(Brief descriptive captions)

Segment Open

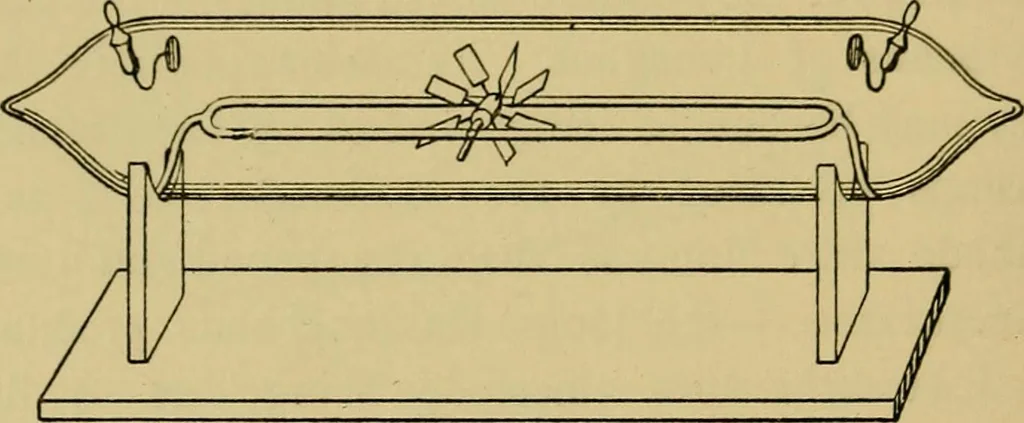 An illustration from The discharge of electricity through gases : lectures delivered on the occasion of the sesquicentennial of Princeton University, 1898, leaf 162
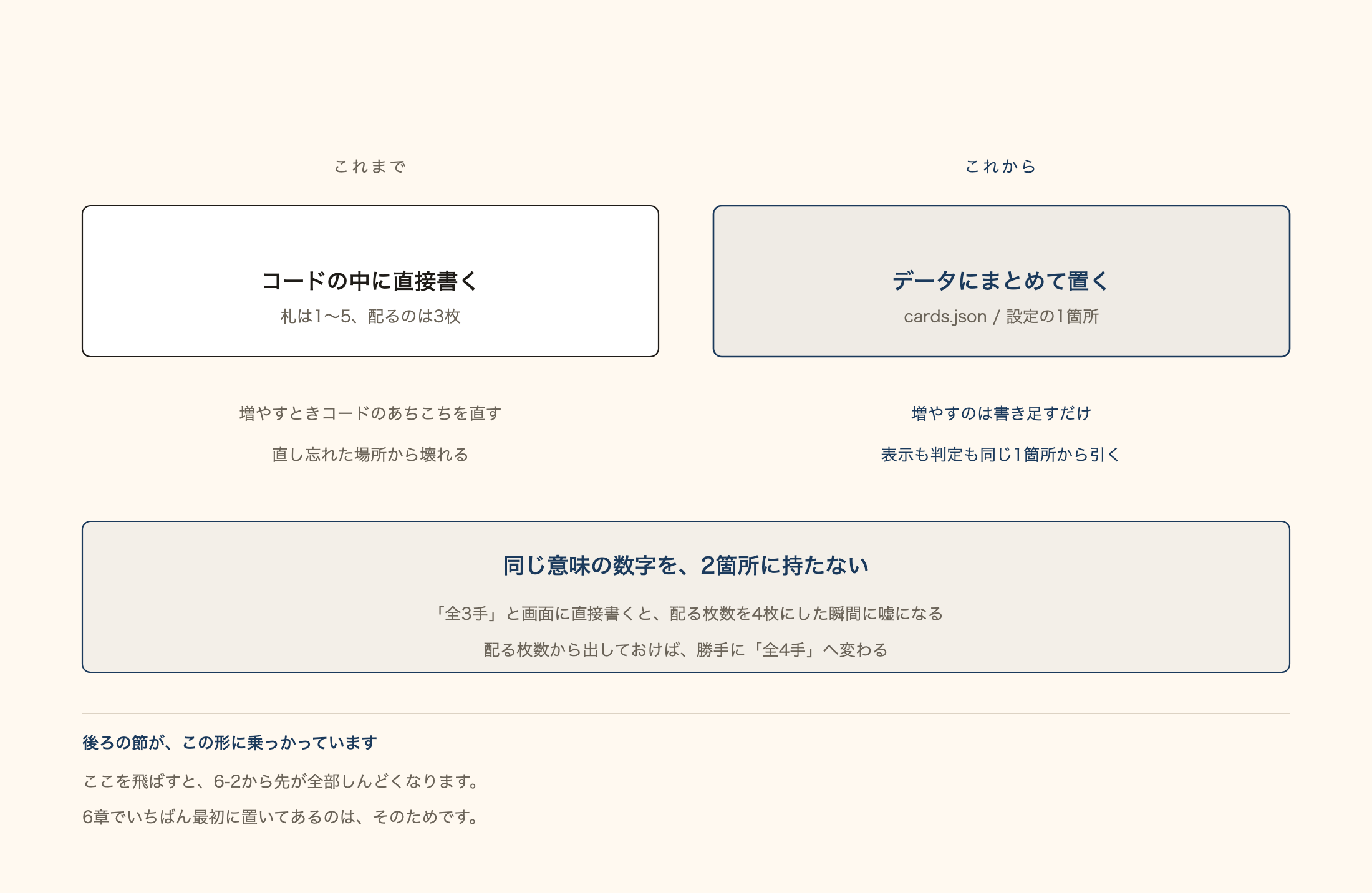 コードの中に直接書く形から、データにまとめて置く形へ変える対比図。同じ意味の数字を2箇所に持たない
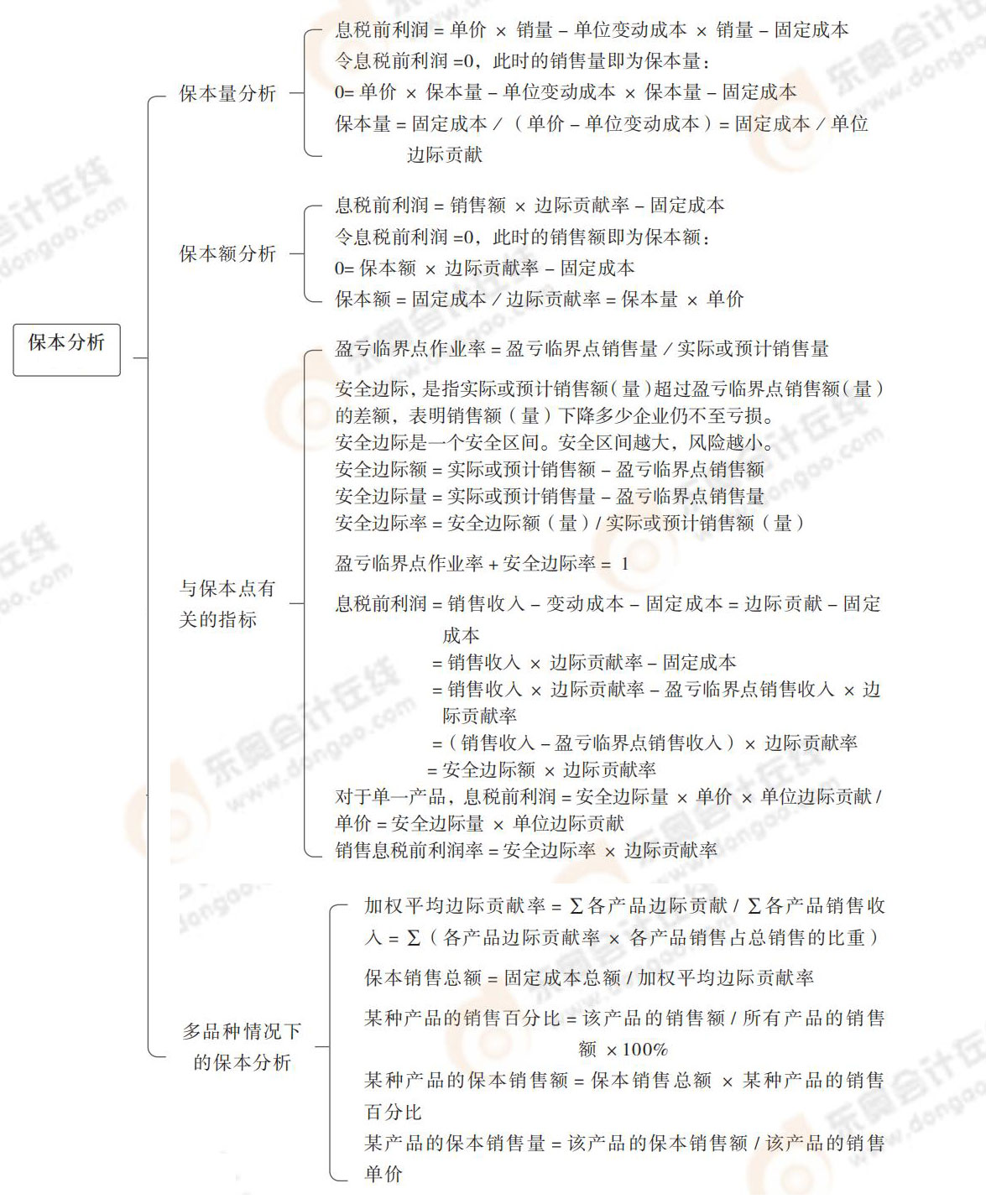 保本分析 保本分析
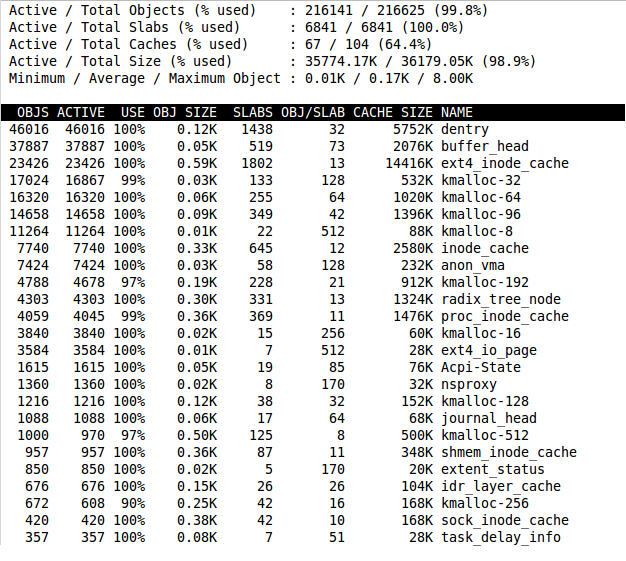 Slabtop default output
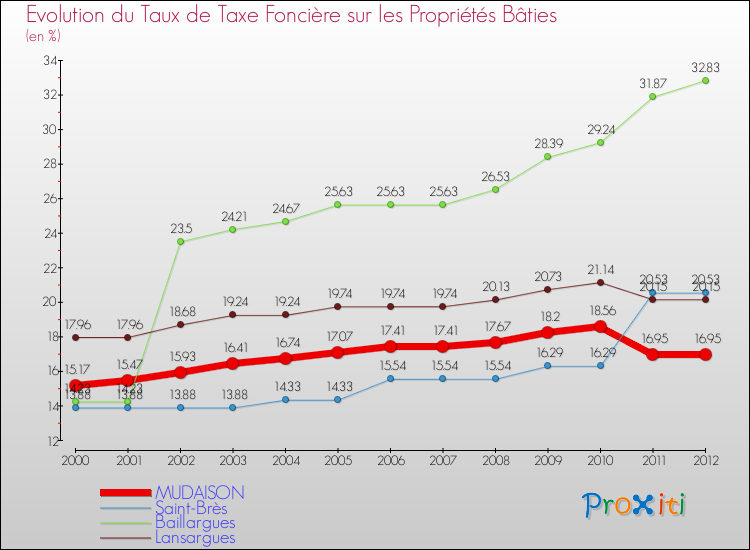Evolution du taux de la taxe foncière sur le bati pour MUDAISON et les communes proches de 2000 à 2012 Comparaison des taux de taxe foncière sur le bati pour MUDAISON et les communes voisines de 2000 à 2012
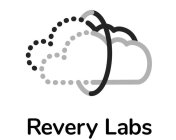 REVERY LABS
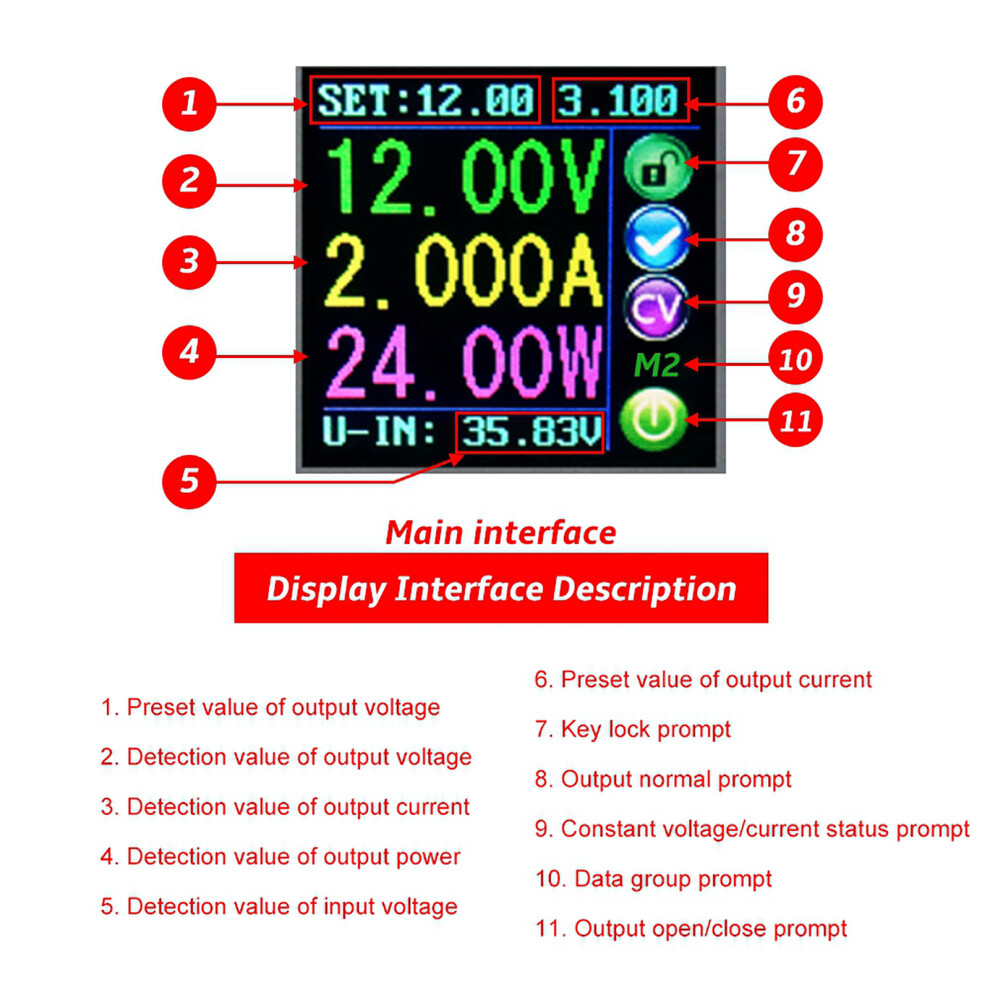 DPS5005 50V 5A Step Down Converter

Segment Closed

◆ To do
Please transcribe exactly the line containing "Evolution du taux" and every later line through the end of the records above, omitting pictures.

◆ Task output
Evolution du taux de la taxe foncière sur le bati pour MUDAISON et les communes proches de 2000 à 2012 Comparaison des taux de taxe foncière sur le bati pour MUDAISON et les communes voisines de 2000 à 2012
 REVERY LABS
 DPS5005 50V 5A Step Down Converter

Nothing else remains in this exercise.